The truth about God’s astounding love for us, and his command for us to make loving him and glorifying him our most important priority, is what God wants us to teach diligently to children (Deuteronomy 6:7). When we, and our children, establish our lives on the foundation of loving God most, he is faithful to work the hardest things and the greatest joys for our good (Romans 8:28). Is there anything greater that we might want for our children?
Our First and Greatest Lesson
Now, some will immediately ask, “Can’t we teach this and work really hard to help our children have happy, enriched lives on earth?” And the answer is, of course, yes. But how we parent depends on what we really believe, in our heart of hearts, is the goal.
If knowing and loving God is just another important idea among many that our children will learn, a fact that we believe has little relevance to whether they’re prepared to get a good job or afford a house and a family, then we will send the message that what our children learn in family devotions or Sunday school or when reading the Bible is just more information along with math and science and literature.
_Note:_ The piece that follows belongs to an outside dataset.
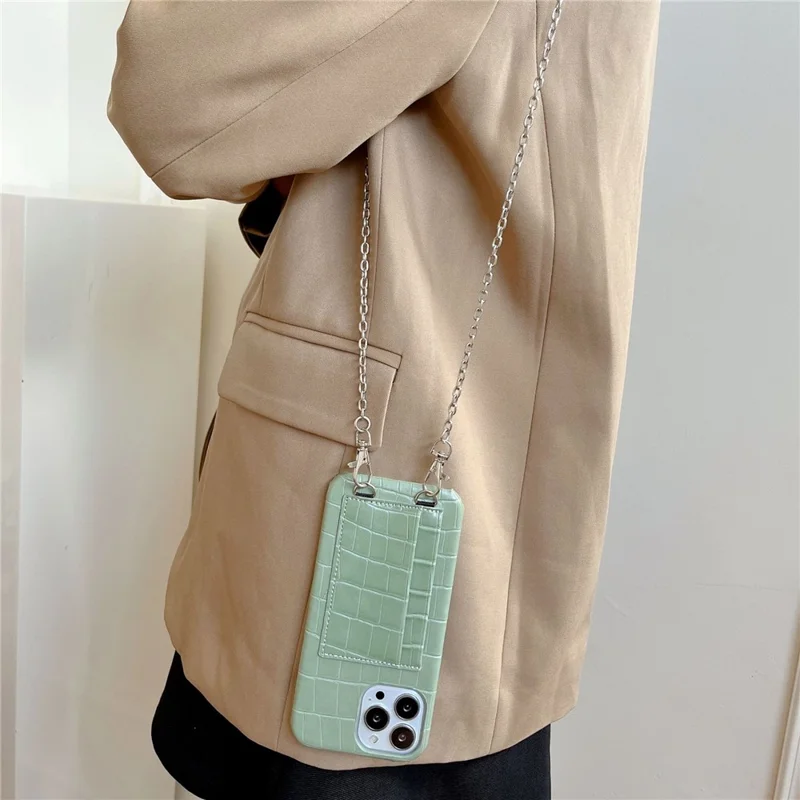 Für iPhone 15 stoßfeste Hülle mit Krokodiltextur PU+PC Handyhülle mit 2 Kartenfächern Anti-Drop Phone Shell mit Riemen - Schwarz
But if we truly believe that we were created not simply for this world but to be in eternal relationship with God, that this God is sovereign over every single thing that happens every single day (in other words, he is in control, not we), and that, ultimately, our happiness hinges on getting this relationship right, our strategies change, big time. All of the sudden, all of the other things the world tells us we have to teach our children become secondary. Of first importance, we have to see ourselves as appointed by God to teach our children about the wonders of him and his loving plan for them.
Alive to God Everywhere
If we are going to do this well, we need to be sure we know what this loving, sovereign God thinks is important, and display and teach these truths really well. This begins from birth and means we need to be in God’s word every day with our family and also be part of a good Bible-teaching church. Children need to see our joy in this!
Then, we look at the world around us as God’s world. He is responsible for and holding together everything in it (Colossians 1:17). Helping our children delight in wonder as we see him in the things and organization of the world, and showing them how the largest and smallest things, and the whole sweep of history and science and the arts all flow from him, will open the eyes of our children to delight in the glory of it all in light of the truth we learn from God.
This is a dramatically different assignment than non-believing parents can or will understand. The beauty of Christian parenting is that, as we teach our children the things of God, we grow spiritually ourselves, and fear and anxiety about our children’s future begins to dissolve. Increasingly, we are sustained and inspired by the promises that this powerful God will be with us, encourage us, help us, and is the one ultimately responsible for the result.
Higher (and Better) Bar
The goal of our parenting isn’t simply to help our children find fulfillment in this world. We need to help them find fulfillment for all eternity.
Our heavenly Father will direct our paths and the paths of our children in this world and throughout eternity as we love and trust him. Christian parents, remember the goal: Teach your children that true happiness and success follow from doing what they were created to do: to love the Lord most and best, to see him as the loving author of everything, and to join in a loving relationship with him as they embrace the glorious good news of Jesus Christ.
When they begin to understand and welcome this reality into their hearts, they will not only be filled with confidence and joy; they will see their lives as the means they’ve been given to love and serve God and others, especially by sharing this good news. A different goal than the world understands, to be sure, but a far more glorious one.